Mayahuel, as illustrated in the Codex Borgia
Mayahuel, as illustrated in the Codex Borgia. Vectorized by Eddo

Mayahuel was the Aztec goddess of maguey or agave (Agave americana), a cactus plant native to Mexico, and the goddess of pulque, an alcoholic drink made from agave juices. She is one of several goddesses who protect and support fertility in its different guises. 

Key Takeaways: Mayahuel

  • Alternate Names: None
  • Equivalents: 11 Serpent (post-classic Mixtec)
  • Epithets: The Woman of 400 Breasts
  • Culture/Country: Aztec, Post-classic Mexico
  • Primary Sources: Bernadino Sahagun, Diego Duran, several codices, especially the Codex Magliabechiano
  • Realms and Powers: Maguey, pulque, drunkenness, fertility, revitalization
  • Family: The Tzitzimime (powerful destructive celestial beings who embodied creative powers), Teteoinan (Mother of the Gods), Toci (Our Grandmother) and the Centzon Totochtin (400 Rabbits, Mayahuel's children)

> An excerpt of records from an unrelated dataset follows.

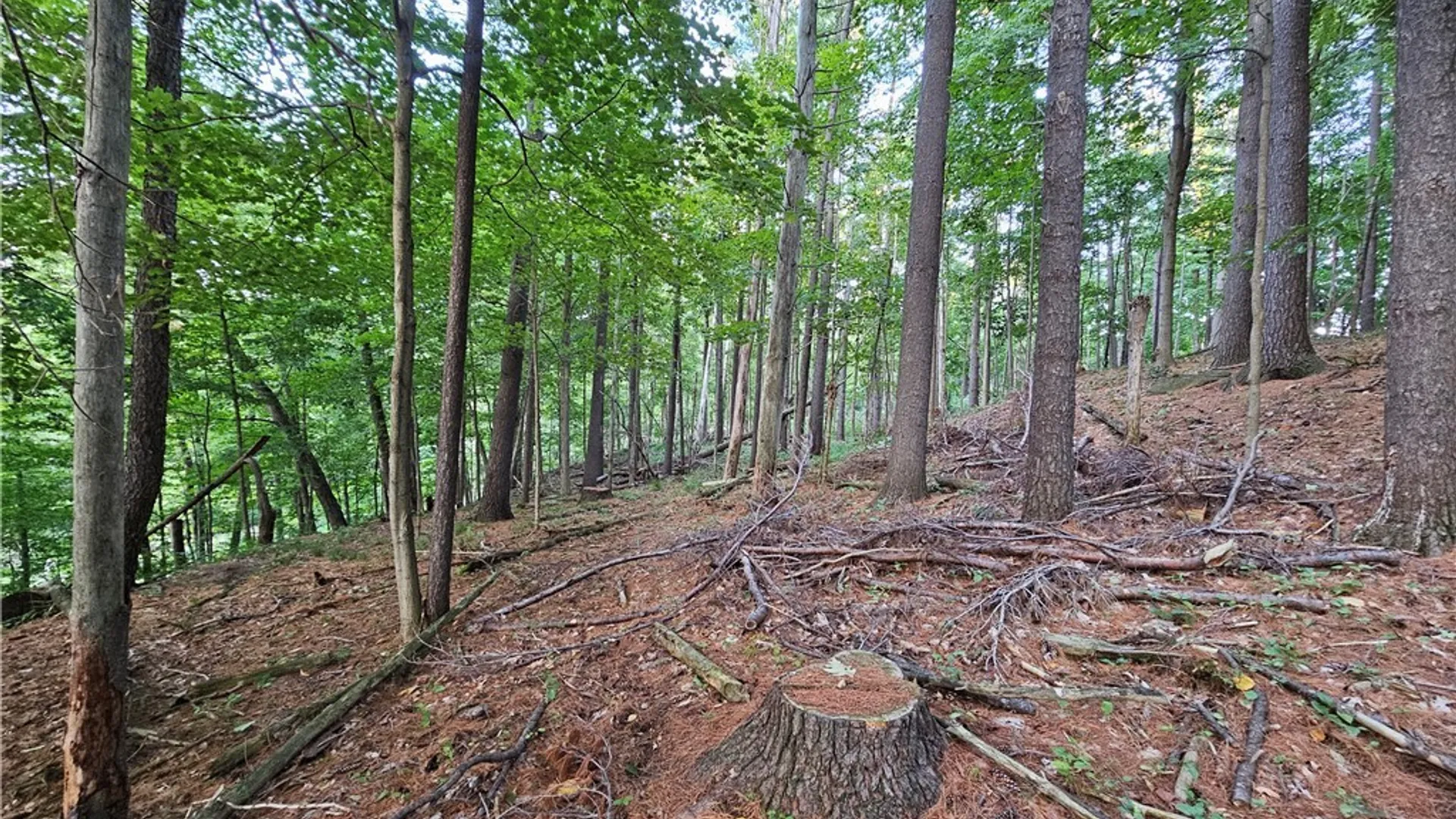 Property at Old State Rd, Denmark, NY 13619 15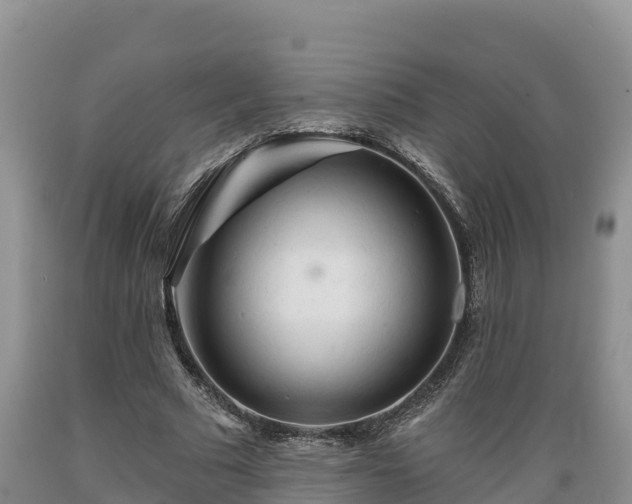 X0000089340681200706221118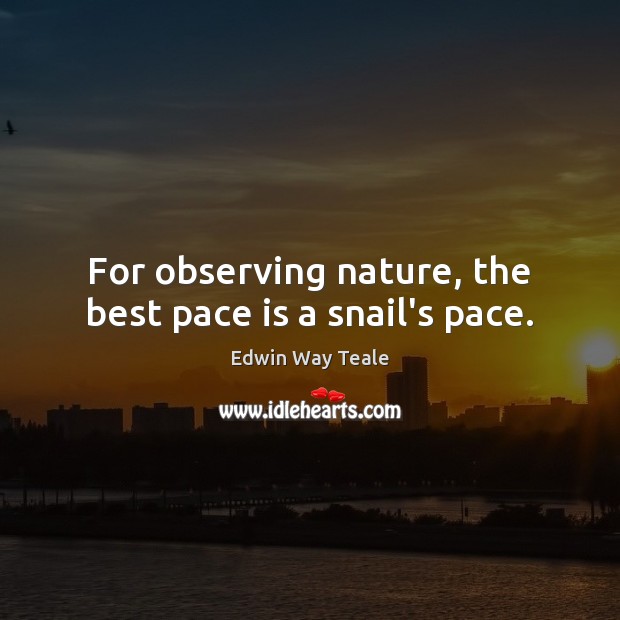 For observing nature, the best pace is a snail’s pace. Edwin Way Teale Picture Quote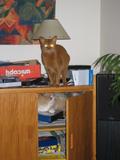 Brandy is thinking "Whats that daft cat upto now"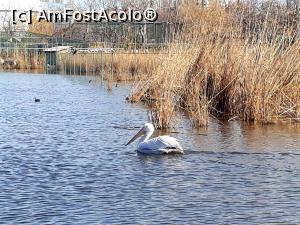 [P15] Hotel Iaki Mamaia.Un pelican singuratic pe Lacul Tabacariei. » foto by Floria
 - 
<span class="allrVoted glyphicon glyphicon-heart hidden" id="av1163338"></span>
<a class="m-l-10 hidden" id="sv1163338" onclick="voting_Foto_DelVot(,1163338,768)" role="button">șterge vot <span class="glyphicon glyphicon-remove"></span></a>
<a id="v91163338" class=" c-red"  onclick="voting_Foto_SetVot(1163338)" role="button"><span class="glyphicon glyphicon-heart-empty"></span> <b>LIKE</b> = Votează poza</a> <img class="hidden"  id="f1163338W9" src="/imagini/loader.gif" border="0" /><span class="AjErrMes hidden" id="e1163338ErM"></span>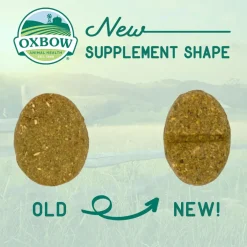 Oxbow Natural Science Skin & Coat Supplement For Small Animals (60 ct)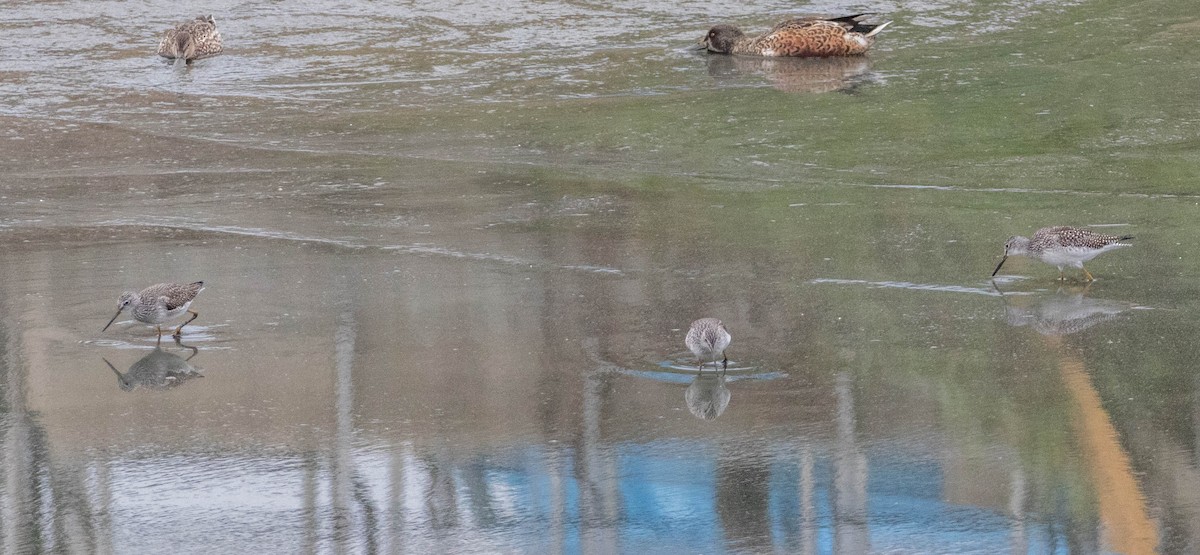 Greater Yellowlegs - ML121632201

Mayahuel in Aztec Mythology 

Mayahuel was one of several Aztec gods and goddesses of fertility, each of whom had specific roles. She was the goddess of maguey, and patron of the 13-day festival (trecena) in the Aztec calendar that starts with 1 Malinalli ("grass"), a time of excesses and a lack of moderation. 

Mayahuel was known as “the woman of the 400 breasts,” probably a reference to the many sprouts and leaves of maguey and the milky juice produced by the plant and transformed into pulque. The goddess is often depicted with full breasts or breastfeeding, or with many breasts to feed her many children, the Centzon Totochtin or “the 400 rabbits,” who were the gods associated with the effects of excessive drinking. 

Appearance and Reputation

In the existing Aztec codices, Mayahuel is depicted as a young woman with multiple breasts, emerging from a maguey plant, holding cups with foaming pulque. In the Codex Borbonicus, she wears blue clothing (the color of fertility), and a headdress of spindles and unspun maguey fiber (ixtle). The spindles symbolize the transformation or revitalization of disorder into order. 

The Bilimek Pulque Vessel is a piece of carved dark green phyllite completely covered in complex iconographic signs, and in the collections of the Welt Museum in Vienna, Austria. Made in the early 1500s, the jar has a large head projecting out from the side of the vase that has been interpreted as the day sign Malinalli 1, the first day of Mayahuel's festival. On the reverse side, Mayahuel is illustrated as decapitated with two streams of aquamiel squirting out from her breasts and into a pulque pot below. 

Other associated images include a stele from the great classic period pyramid of Teotihuacan dated between 500–900 CE which shows scenes from a wedding with guests drinking pulque. A rock painting at the postclassic Aztec site of Ixtapantongo illustrates Mayahuel rising from a maguey plant, holding a gourd in either hand. Her head is crowned with the head of a bird and a feathered head-dress. In front of her is a pulque god and Pantecal, the father of her 400 children. 

The Myth of the Invention of Pulque

According to the Aztec myth, the god Quezalcoatl decided to provide humans with a special drink to celebrate and feast and gave them pulque. He sent Mayahuel, goddess of maguey, to the earth and then coupled with her. To avoid the rage of her grandmother and her other ferocious relatives the goddesses Tzitzimime, Quetzalcoatl and Mayahuel transformed themselves into a tree, but they were found out and Mayahuel was killed. Quetzalcoatl collected the bones of the goddess and buried them, and in that place grew the first plant of maguey. For this reason, it was thought that the sweet sap, the aguamiel, collected from the plant was the blood of the goddess.

A different version of the myth tells that Mayahuel was a mortal woman who discovered how to collect aquamiel (the liquid), and her husband Pantecalt discovered how to make pulque.